Each field is separated by commas.
To load this file into R, you would specify that the first row contained column names (header=TRUE), that the delimiter was a comma (sep=","), and that quotes were used to encapsulate text (quote="\""). Here is an R statement that loads in this file:
> top.5.salaries <- read.table("top.5.salaries.csv",
+ header=TRUE,
+ sep=",",
+ quote="\"")The read.table function is very flexible and allows you to load files with many different properties. Here is a brief description of the options for read.table.
The most important options are sep and header. You almost always have to know the field separator and know if there is a header field. R includes a set of convenience functions that call read.table with different default options for these values (and a couple of others). Here is a description of these functions.
| Function | header | sep | quote | dec | fill | comment.char |
|---|---|---|---|---|---|---|
| read.table | FALSE | \” or \’ | . | !blank.lines.skip | # | |
| read.csv | TRUE | , | \” | . | TRUE | |
| read.csv2 | TRUE | ; | \” | , | TRUE | |
| read.delim | TRUE | \t | \” | . | TRUE | |
| read.delim2 | TRUE | \t | \” | , | TRUE |
In most cases, you will find that you can use read.csv for comma-separated files or read.delim for tab-delimited files without specifying any other options. (Except, I suppose, if you are in Europe, and you use commas to indicate the decimal point in numbers. Then you can use read.csv2 and read.delim2.)
As another example, suppose that you wanted to analyze some historical stock quote data. Yahoo!
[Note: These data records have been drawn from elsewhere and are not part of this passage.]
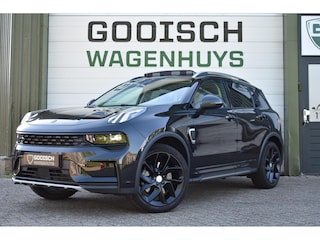 Lynk & Co 01 1.5 | Black on Black | Panorama | Carplay |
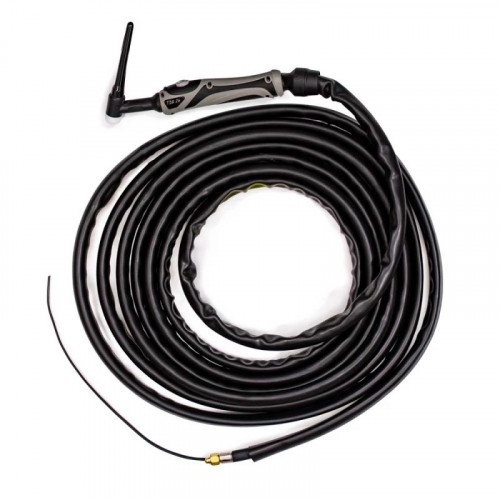 Сварочная горелка Aurora TIG 26F 180A(35%) M12x1, 8m гибкая (без управляющих разъемов)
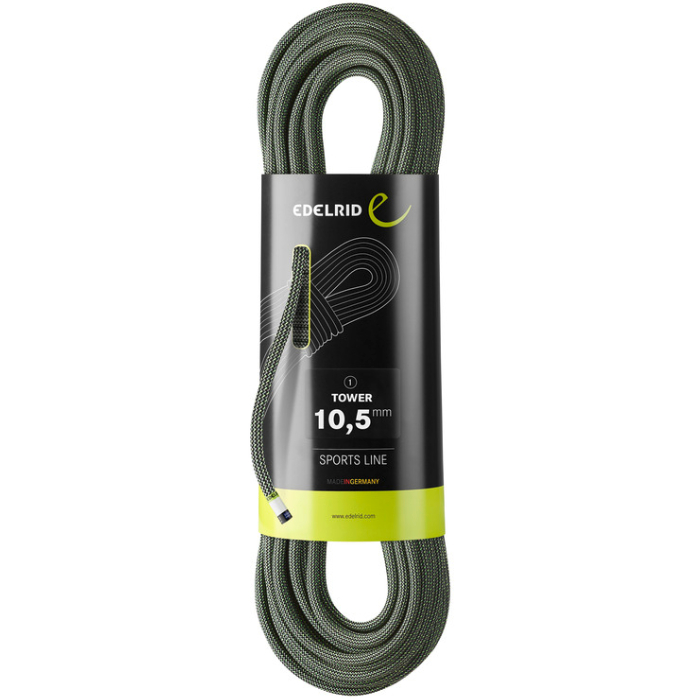 Edelrid 10.5mm Tower Rope Rope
Finance provides this information in an easily downloadable form on its website; you can fetch a CSV file from a single URL. For example, to fetch the closing price of the S&P 500 index for every month between April 1, 1999, and April 1, 2009, you could use the following URL: http://ichart.financ...g=m&ignore=.csv.
Conveniently, you can use a URL in place of a filename in R. This means that you could load this data into R with the following expression:
> sp500 <- read.csv(paste("http://ichart.finance.yahoo.com/table.csv?",
+ "s=%5EGSPC&a=03&b=1&c=1999&d=03&e=1&f=2009&g=m&ignore=.csv"))
> # show the first 5 rows
> sp500[1:5,]
Date Open High Low Close Volume Adj.Close
1 2009-04-01 793.59 813.62 783.32 811.08 12068280000 811.08
2 2009-03-02 729.57 832.98 666.79 797.87 7633306300 797.87
3 2009-02-02 823.09 875.01 734.52 735.09 7022036200 735.09
4 2009-01-02 902.99 943.85 804.30 825.88 5844561500 825.88
5 2008-12-01 888.61 918.85 815.69 903.25 5320791300 903.25We will revisit this example in the next section.
If you’re trying to load a really big file, you might find that loading the file takes a long time. It can be very frustrating to wait 15 minutes for a file to load, only to discover that you have specified the wrong separator. A useful technique for testing is to only load a small number of rows into R. For example, to load 20 rows, you would add nrows=20 as an argument to read.table.
Many programs can export data as text files. Here are a few tips for creating text files that you can easily read into R:
For Microsoft Excel spreadsheets, you can export them as either comma-delimited files (CSV files) or tab-delimited files (TXT files). When possible, you should specify Unix-style line delimiters, not MS-DOS line delimiters. (MS-DOS files end each line with “\n\r,” while Unix-style systems end lines with “\n.”) There are two things to think about when choosing between CSV and TXT files.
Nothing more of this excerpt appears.